_ABOUT THIS EXERCISE_.
Your reply must contain the full listing below, reproduced exactly, but no pictures.
══ STORED DATA
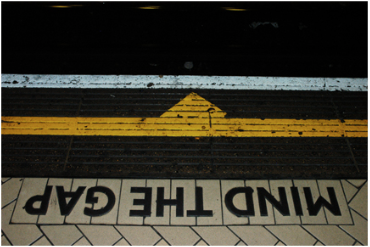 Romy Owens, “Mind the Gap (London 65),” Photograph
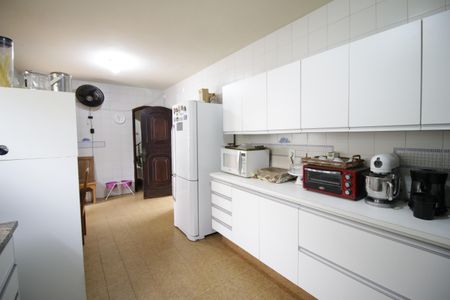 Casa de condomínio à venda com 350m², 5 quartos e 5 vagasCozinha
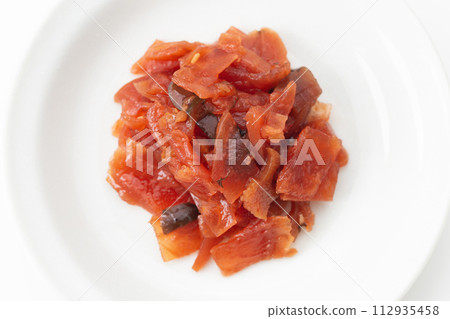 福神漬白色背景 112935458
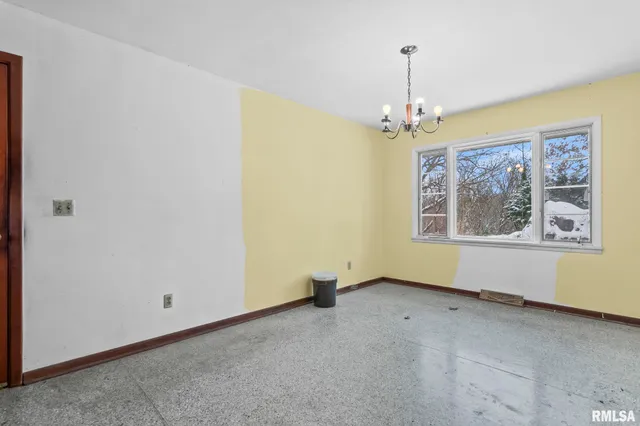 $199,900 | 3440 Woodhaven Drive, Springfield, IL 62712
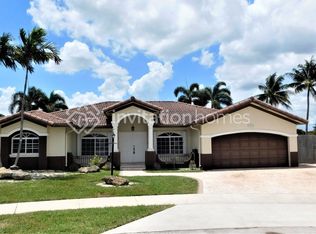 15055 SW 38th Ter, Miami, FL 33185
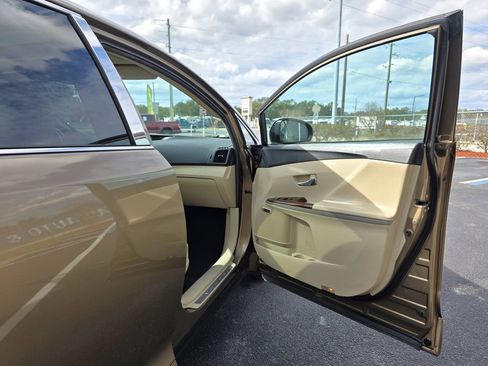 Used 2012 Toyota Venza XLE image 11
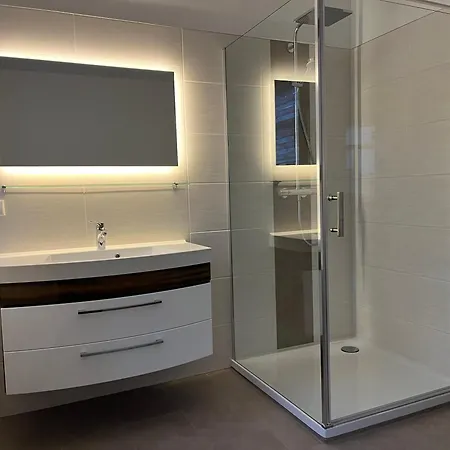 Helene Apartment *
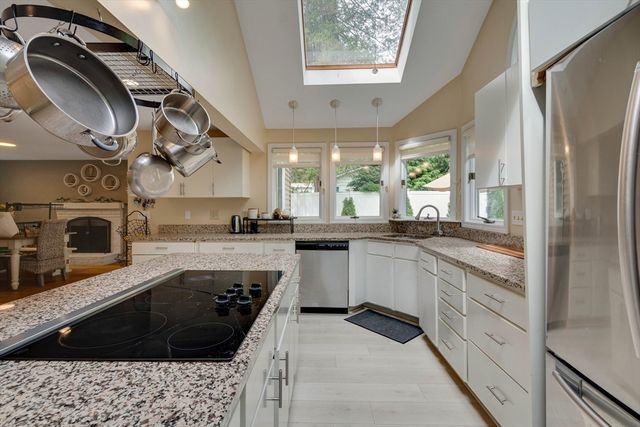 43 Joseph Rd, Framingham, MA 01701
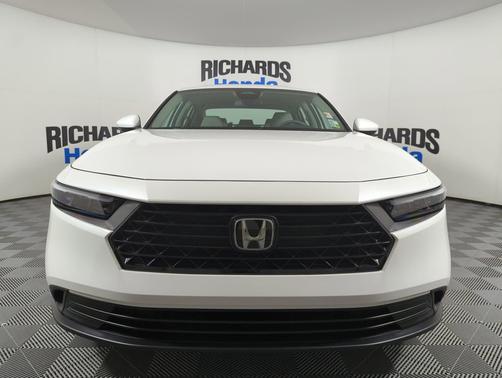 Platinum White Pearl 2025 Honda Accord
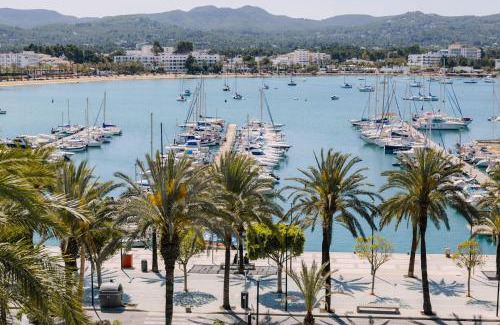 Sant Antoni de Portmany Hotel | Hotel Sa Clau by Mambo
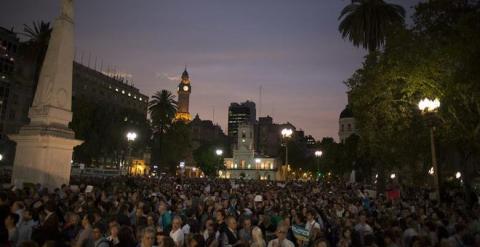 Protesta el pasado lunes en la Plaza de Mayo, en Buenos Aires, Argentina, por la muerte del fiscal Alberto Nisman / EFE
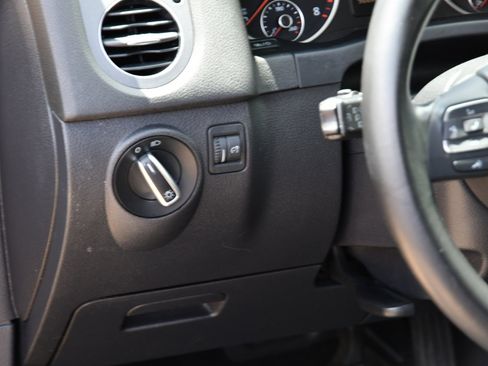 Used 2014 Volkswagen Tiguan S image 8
════
_EXERCISE RESULT_.
 Romy Owens, “Mind the Gap (London 65),” Photograph
 Casa de condomínio à venda com 350m², 5 quartos e 5 vagasCozinha
 福神漬白色背景 112935458
 $199,900 | 3440 Woodhaven Drive, Springfield, IL 62712
 15055 SW 38th Ter, Miami, FL 33185
 Used 2012 Toyota Venza XLE image 11
 Helene Apartment *
 43 Joseph Rd, Framingham, MA 01701
 Platinum White Pearl 2025 Honda Accord
 Sant Antoni de Portmany Hotel | Hotel Sa Clau by Mambo
 Protesta el pasado lunes en la Plaza de Mayo, en Buenos Aires, Argentina, por la muerte del fiscal Alberto Nisman / EFE
 Used 2014 Volkswagen Tiguan S image 8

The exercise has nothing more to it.